Figures current as of June 2026.
Disclaimer
This article is for educational and informational purposes only. It does not constitute medical, clinical, legal, or therapeutic advice, and reading it does not create a therapist-client relationship with Matthew Sexton, LCSW or Mental Wealth Solutions, Inc. Although the author is a licensed clinical social worker, the content in this article is not clinical assessment, diagnosis, or treatment.
The workforce data, shortage designations, and projections described in this article are drawn from federal agency reports, peer-reviewed analysis, and national surveys. They represent estimates and point-in-time snapshots that may change as HRSA updates its designation criteria, survey methods improve, or policy conditions shift. Access to mental health services in any specific location depends on many local factors not reflected in national figures. If you are trying to find a mental health provider, your state’s mental health authority, SAMHSA’s treatment locator at findtreatment.gov, or a licensed clinician in your area is the appropriate starting point — not this article.
If you are in immediate emotional crisis, you can reach the 988 Suicide & Crisis Lifeline by calling or texting 988 (US). If you are experiencing domestic violence or are in physical danger, contact the National Domestic Violence Hotline at 1-800-799-7233 or visit thehotline.org. In a life-threatening emergency, call 911.
Frequently asked questions.
- How many Americans live in a mental health provider shortage area in 2026?
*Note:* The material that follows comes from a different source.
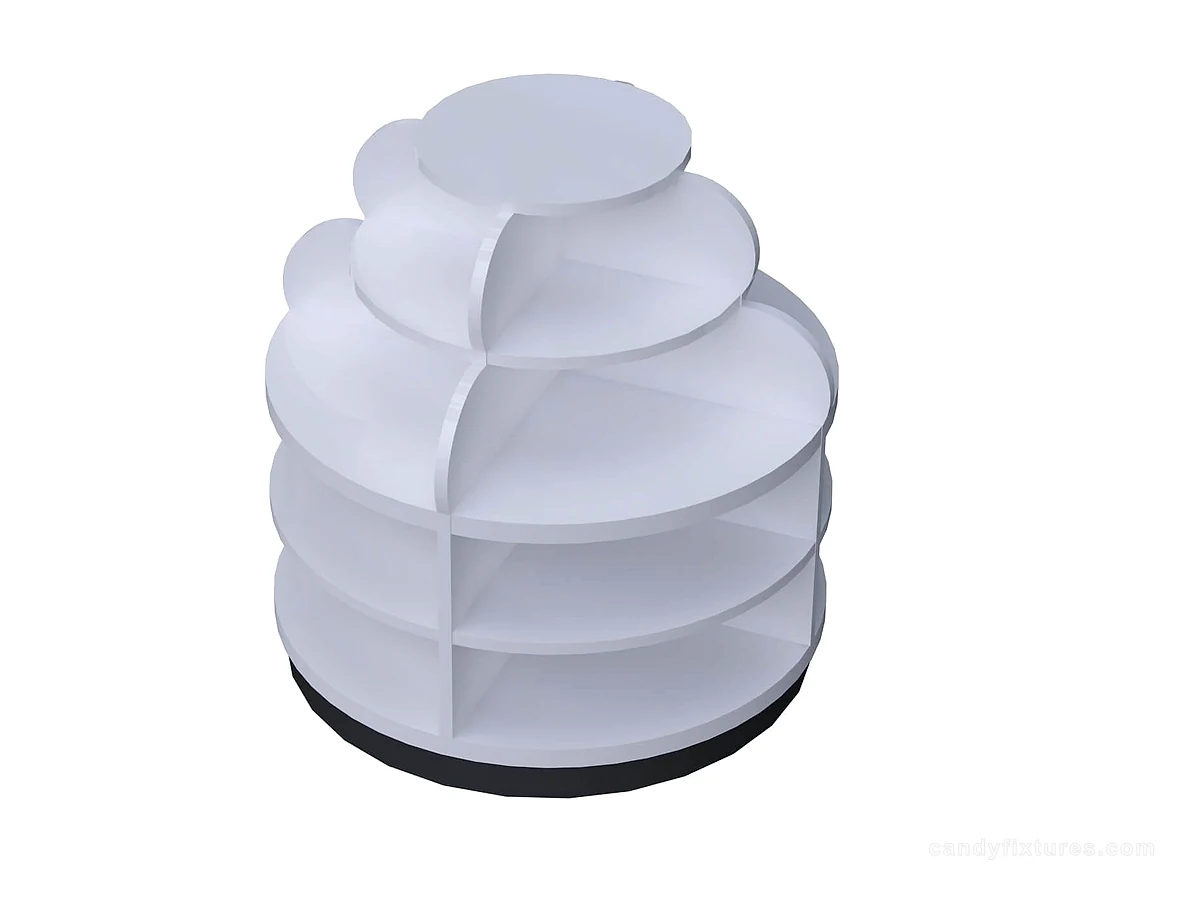 Flower Shape Round Display Shelves Candy Bins Cabinet in Sweet Shop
- 137 million Americans — 40% of the U.S. population — lived in a federally designated Mental Health Professional Shortage Area as of December 2025, according to HRSA. That figure grew by 15 million people in a single year, up from roughly 122 million in December 2024. As of April 2026, only 26.4% of the mental health workforce need in those areas is being met.
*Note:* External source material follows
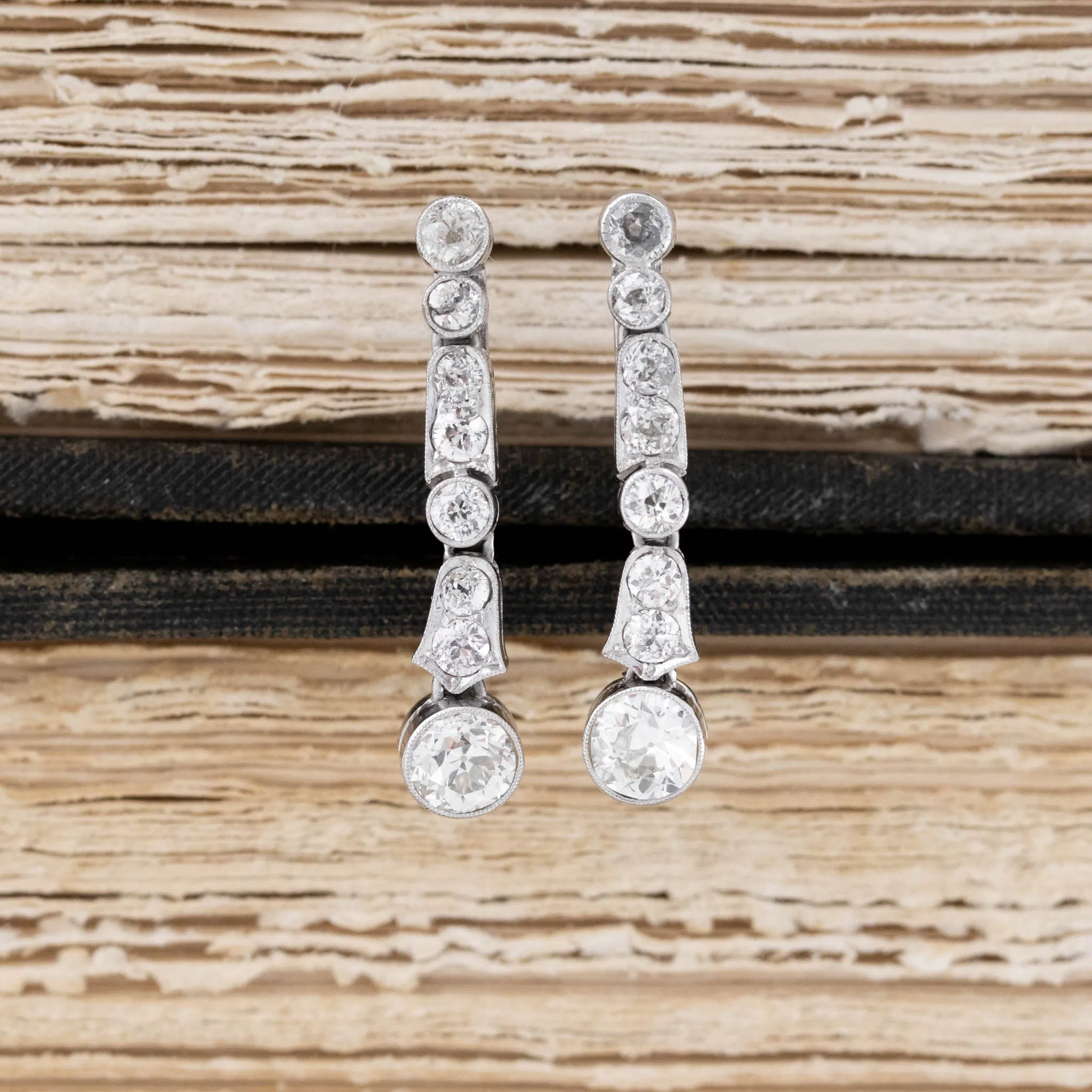 1.93ctw Vintage Old European Cut Diamond Drop Earrings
- What is causing the mental health provider shortage?
- The shortage is not a natural disaster. Commercial insurers pay mental health clinicians significantly less than medical and surgical providers in the same plan, a parity violation that makes private practice financially untenable for many. That underpayment feeds burnout: 93% of behavioral health workers report burnout and 48% are considering leaving the field entirely, according to a 2024 National Council for Mental Wellbeing survey. Fewer clinicians entering and staying in the field means more designated shortage areas.
- Which states have the worst mental health provider shortages?
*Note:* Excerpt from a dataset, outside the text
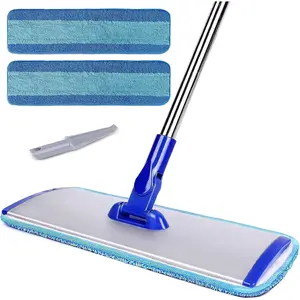 Professional 18" Microfiber Mop - Flat Mop with Stainless Steel Handle, 2  Washable Pads, Hardwood & Laminate (Blue)
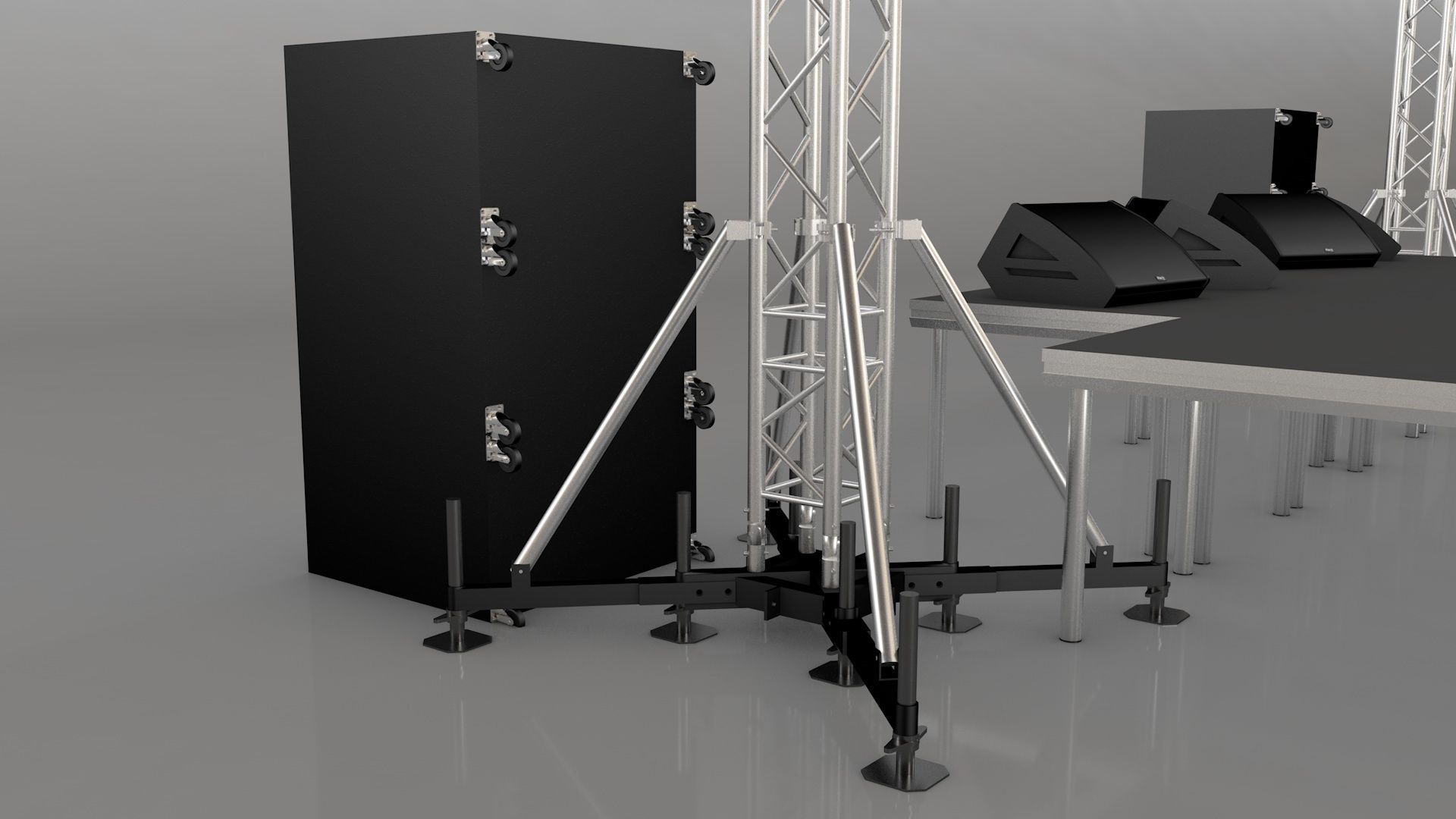 Aluminium Stage Low-poly 3D model_8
- The shortage is nearly universal. A 2024 NCSL survey found 43 out of 44 states reported a behavioral health workforce shortage. The distribution is uneven within states too — rural areas, low-income urban neighborhoods, and communities of color carry a disproportionate share of the gap. A 2026 Pew Charitable Trusts analysis confirmed that the workforce is not distributed in a way that matches where need is highest.
- How many mental health providers does the U.S. need by 2038?
- HRSA projects shortfalls of roughly 99,840 psychologists, 99,780 mental health counselors, 77,050 addiction counselors, and 36,780 adult psychiatrists by 2038. These are not small gaps at the margin. They represent a structural collapse in the pipeline — driven largely by a field where the business conditions have been hostile long enough that the people who would have entered it chose not to.